Pouvait-il le croire ? Fandorine hésitait.
— Si Khatchatour est ton ennemi et s’il est si facile à trouver, pourquoi n’as-tu pas encore réglé tes comptes avec lui ?
— Avant je suis seul et eux huit. C’est beaucoup. Tu as tué deux, blessé un. Restent cinq. C’est peu. Et nous sommes deux. C’est beaucoup. T’inquiète pas, Yurumbach, mange le tchourek. Aujourd’hui nous tuerons tous les Arméniens.
— Dis-moi, vous vous êtes toujours autant haïs, les Arméniens et vous ? s’enquit Eraste Pétrovitch.
— On raconte beaucoup âneries sur ça. Écoute personne, écoute seulement moi. Je vais te raconter le vrai.
Gassym avala une gorgée de thé à grand bruit, puis soupira.
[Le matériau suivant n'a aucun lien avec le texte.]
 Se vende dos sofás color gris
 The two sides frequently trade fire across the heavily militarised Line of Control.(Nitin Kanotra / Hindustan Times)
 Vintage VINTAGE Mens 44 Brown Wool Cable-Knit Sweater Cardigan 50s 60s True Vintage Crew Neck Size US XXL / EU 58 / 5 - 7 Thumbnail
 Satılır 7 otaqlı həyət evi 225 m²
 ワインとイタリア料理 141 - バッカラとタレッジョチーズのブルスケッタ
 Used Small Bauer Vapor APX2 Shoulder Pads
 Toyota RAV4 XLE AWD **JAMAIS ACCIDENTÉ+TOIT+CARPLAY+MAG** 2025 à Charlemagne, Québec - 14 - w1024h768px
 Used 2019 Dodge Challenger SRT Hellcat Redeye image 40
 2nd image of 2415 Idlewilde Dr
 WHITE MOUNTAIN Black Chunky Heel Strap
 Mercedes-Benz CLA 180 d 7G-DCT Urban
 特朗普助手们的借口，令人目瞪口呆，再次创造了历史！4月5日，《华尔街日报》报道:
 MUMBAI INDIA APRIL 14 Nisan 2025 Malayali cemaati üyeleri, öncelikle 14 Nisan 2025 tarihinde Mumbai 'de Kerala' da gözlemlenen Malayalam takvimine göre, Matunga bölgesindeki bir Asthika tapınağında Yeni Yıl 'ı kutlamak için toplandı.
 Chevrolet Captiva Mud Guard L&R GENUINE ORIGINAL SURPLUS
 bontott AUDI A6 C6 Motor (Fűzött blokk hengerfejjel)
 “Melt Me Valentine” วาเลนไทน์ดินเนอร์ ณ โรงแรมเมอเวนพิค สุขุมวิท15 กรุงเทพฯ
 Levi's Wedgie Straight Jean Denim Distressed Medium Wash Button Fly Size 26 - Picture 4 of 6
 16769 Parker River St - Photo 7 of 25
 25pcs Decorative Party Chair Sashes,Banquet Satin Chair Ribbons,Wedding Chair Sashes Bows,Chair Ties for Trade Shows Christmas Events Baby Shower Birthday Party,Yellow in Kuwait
— Fonctionnaires russes toujours été pour Arméniens, depuis cent ans. Parce que Arméniens portent croix, lisent Bible. Mais Arméniens lisent pas Bible seulement, Arméniens lisent aussi autres livres, et à cause livres, le vent souffle dans la tête. Qui lit beaucoup de livres a pas respect pour autorité, il veut toujours faire autre chose. Il veut révolution. Mais autorité veut pas le révolution, autorité veut que tout est tranquille et en ordre. Il y a dix ans, à Bakou, était gouverneur Nakachidzé. Il était géorgien, or Géorgiens sont seulement petit peu petit peu meilleurs que Arméniens. Gouverneur Nakachidzé ensemble avec police secrète a voulu faire peur aux Arméniens. Pour qu’ils oublient révolution. Police a dit à gens imbéciles et avides (nous en avons aussi chez nous) : Arméniens on peut un peu piller et égorger. Quand autorité permet égorger, c’est facile. Ils ont commencé à égorger et piller. « Un peu », ç’a pas marché, parce que égorger un peu c’est jamais possible. Autorité dit ça suffit, mais les gens veulent encore. Alors les soldats ont tiré. Et au Caucase, quand tu commences à tirer, les fusils se taisent pas bientôt. Les gens se sont fâchés, ils ont tué général chef qui a donné l’ordre. Arméniens se sont fâchés contre gouverneur Nakachidzé, ils l’ont tué aussi. À cause des musulmans imbéciles et avides, Arméniens fâchés contre tous les musulmans. Ils ont tiré encore. Alors les nôtres encore plus fâchés contre Arméniens. C’est tout, maintenant nous allons tirer pendant cent ans. C’est le Caucase. Nous aimons pas Arméniens, Arméniens aiment pas nous, tous ensemble on aime pas Russes. Avant, à Bakou, tout le monde vivait côté à côté. Se promène qui veut, où veut. Maintenant non. De Bayil à rue Olguinskaïa musulmans vivent, puis loin au nord Arméniens vivent. Se promener on peut, mais mieux vaut pas.